No dia 15 de fevereiro, um evangelista de 39 anos, Robert Kasozi, conhecido como Mulokole, foi atacado por muçulmanos radicais em Kiwanga, Uganda, após ele e sua equipe converterem uma viúva muçulmana de 75 anos, identificada como Hasifa, ao cristianismo. O ataque resultou em Kasozi sendo esfaqueado no estômago, enquanto três de seus colegas também […]

No dia 15 de fevereiro, um evangelista de 39 anos, Robert Kasozi, conhecido como Mulokole, foi atacado por muçulmanos radicais em Kiwanga, Uganda, após ele e sua equipe converterem uma viúva muçulmana de 75 anos, identificada como Hasifa, ao cristianismo. O ataque resultou em Kasozi sendo esfaqueado no estômago, enquanto três de seus colegas também foram espancados.

O incidente ocorreu durante uma pregação pública, quando um parente de Hasifa, chamado Jawadi, e um lojista reagiram com hostilidade. Eles incitaram a multidão, gritando slogans islâmicos, como “Inna lillahi wa Inna ilayhi raji’un” e “Allah akbar”. A fonte local relatou que, enquanto Kasozi estava ferido, os agressores o acusaram de espalhar uma mensagem errada e afirmaram que a cidade pertencia aos muçulmanos.

Os outros evangelistas feridos foram Alice Nanduja, de 27 anos, James Bazanya e Frank Biribawa, todos do distrito de Bwikwe. A situação só foi controlada quando seis vendedores de leite em motocicletas intervieram e um segurança disparou para o ar, fazendo os agressores fugirem.
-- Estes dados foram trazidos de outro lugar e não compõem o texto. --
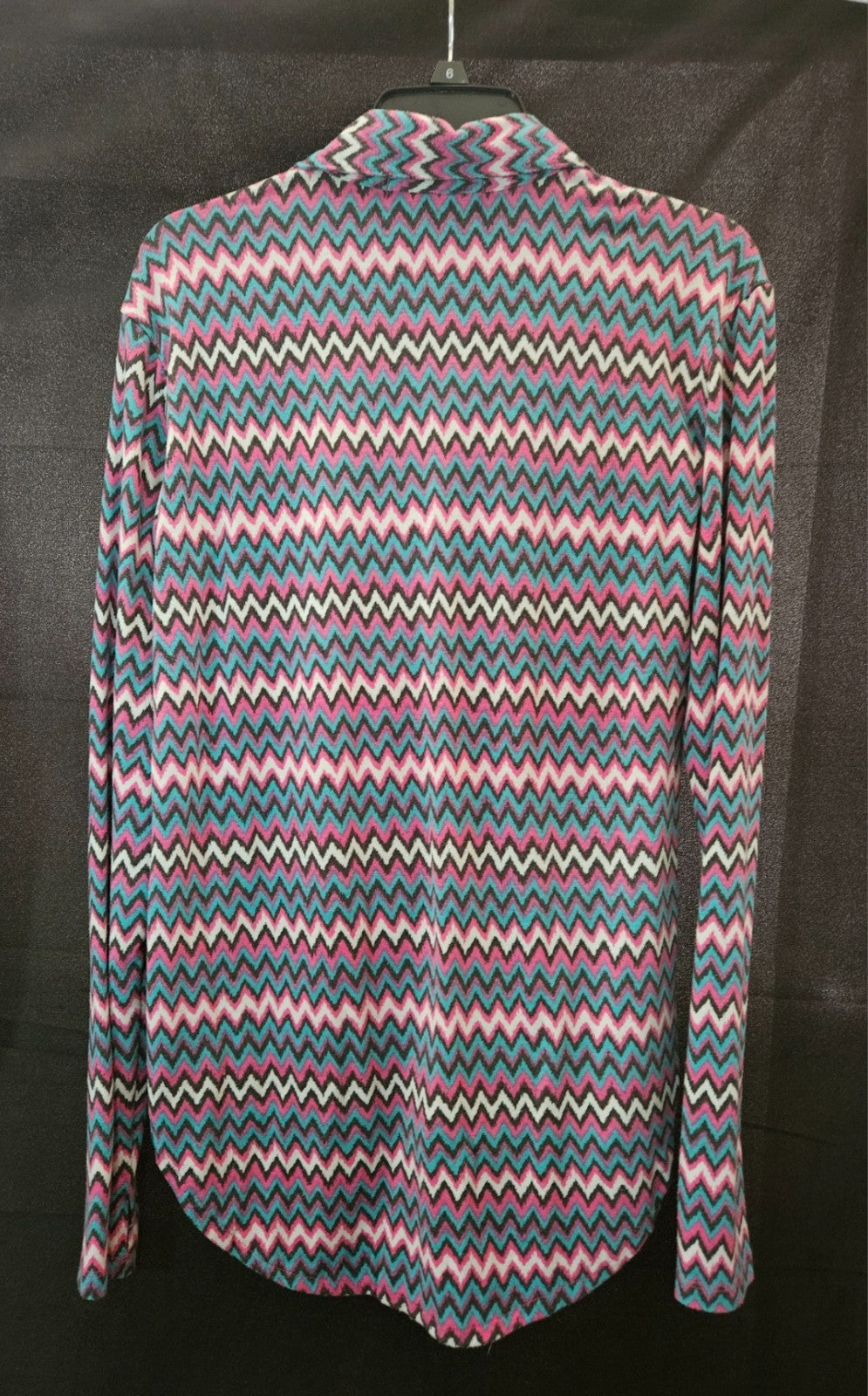 COWGIRL TUFF WOMEN'S SIZE Med ZIG ZAG PRINT PULLOVER BUTTON UP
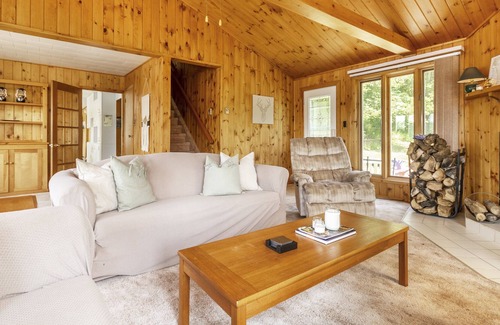 Unorganized Centre Parry Sound Cabin | Jack's Lake Retreat - Perfect for multi-families!
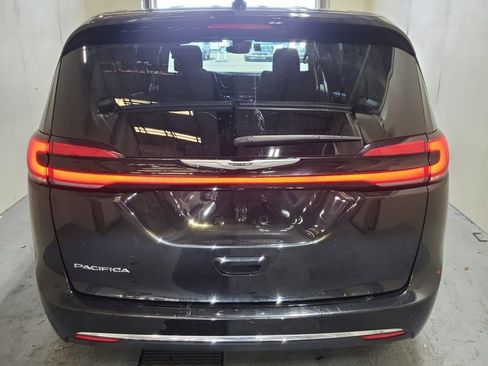 Used 2023 Chrysler Pacifica Touring-L image 4
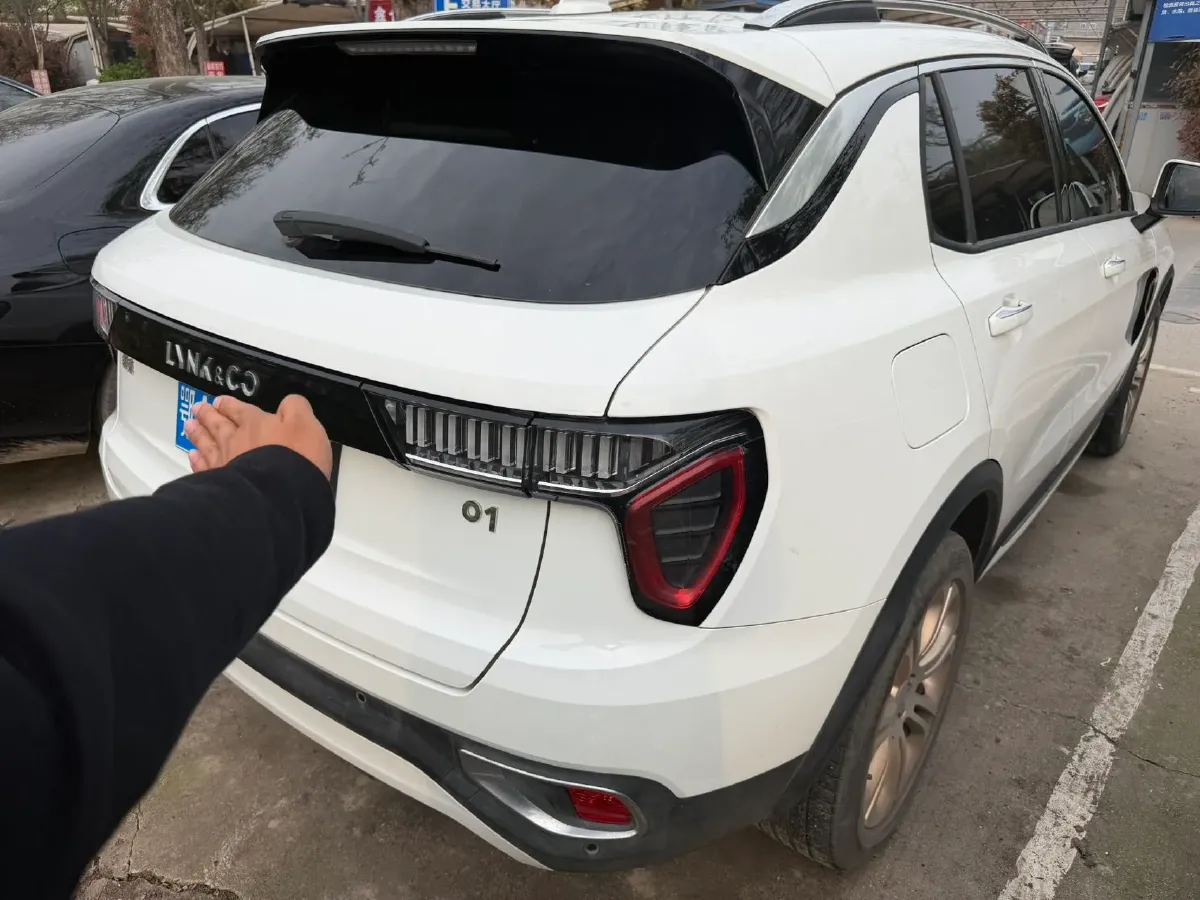 2019 Beijing BJ40 2.0T 218HP L4 6AT,autocango,china used car exporter,china ev exporter,chinese used car exporter,chinese used ev exporter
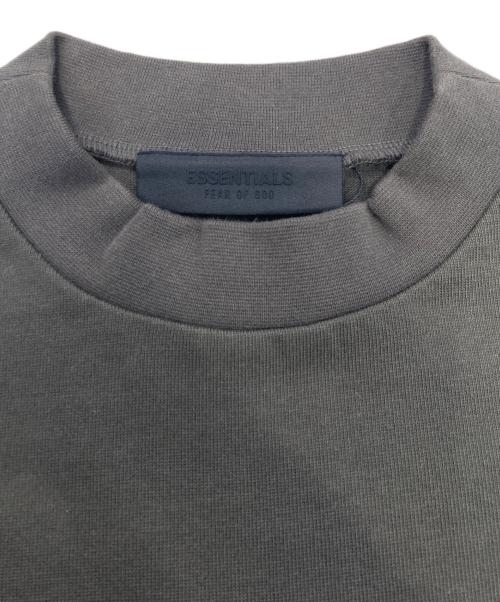 FOG ESSENTIALS（フィアオブゴッド エッセンシャル）FOG ESSENTIALS (フィアオブゴッド エッセンシャル) アーチロゴカットソー グレー サイズ:Sの古着・服飾アイテム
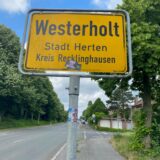 Ortseingangsschild, auf dem groß Westerholt und kleiner Herten steht.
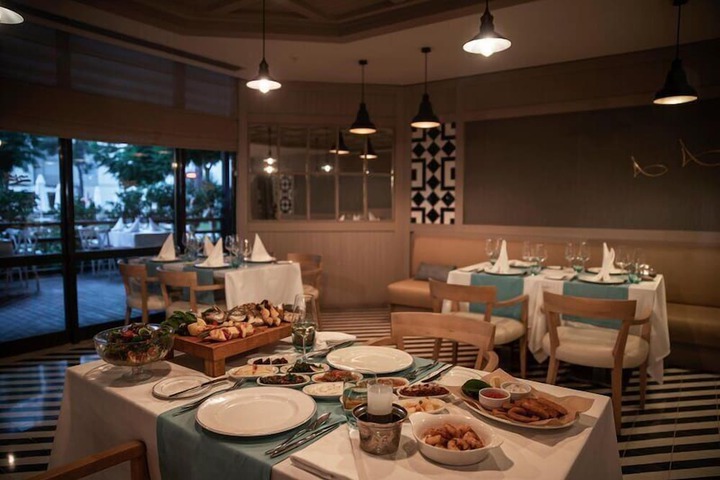 Dining 154 of 227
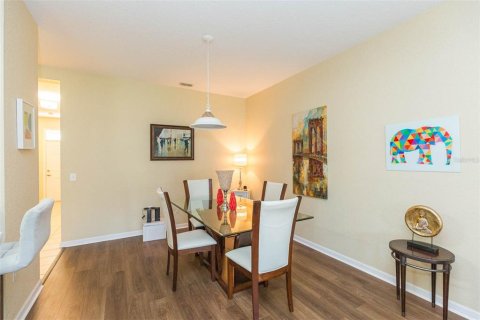 Adosado en venta en Tampa, Florida, 3 dormitorios, 169.27 m2 № 1344377 - foto 9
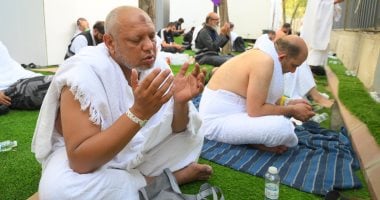 حجاج الجمعيات الأهلية ينطلقون إلى مزدلفة مع غروب عرفة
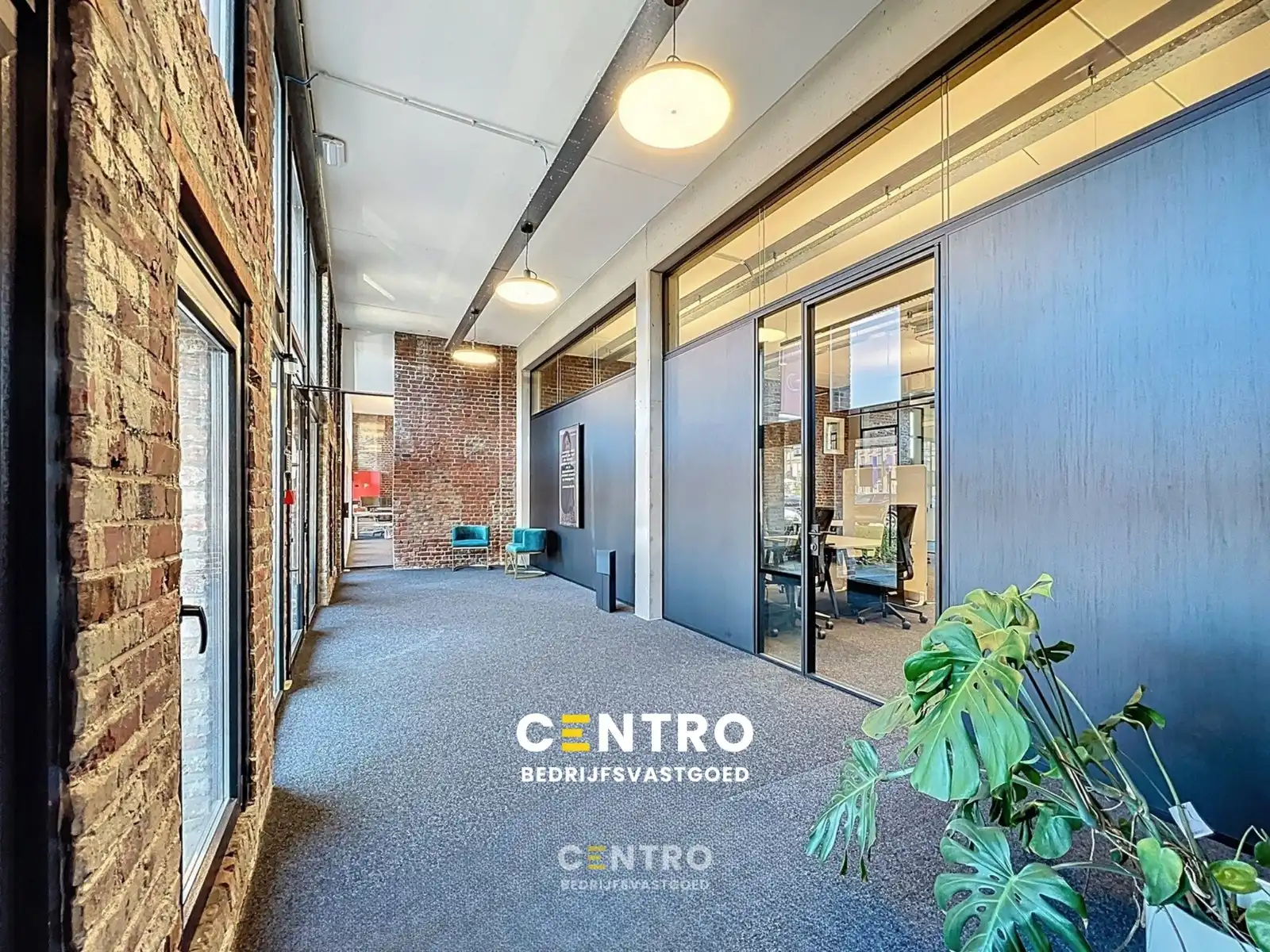 Instapklare KANTOORRUIMTE (178,75 m²) - ALL-IN formule (huur, verbruik, randaccomodatie,...) te Kortrijk ! foto 2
Kasozi foi hospitalizado e afirmou que pretende processar os atacantes após sua recuperação.

Apesar de alguns agressores serem conhecidos na comunidade, nenhum foi preso até o momento. Este ataque se insere em um padrão de perseguição a cristãos em Uganda, onde, apesar da constituição garantir a liberdade religiosa, a tensão entre diferentes grupos religiosos persiste. Os muçulmanos representam menos de 12% da população do país, com maior concentração nas regiões orientais.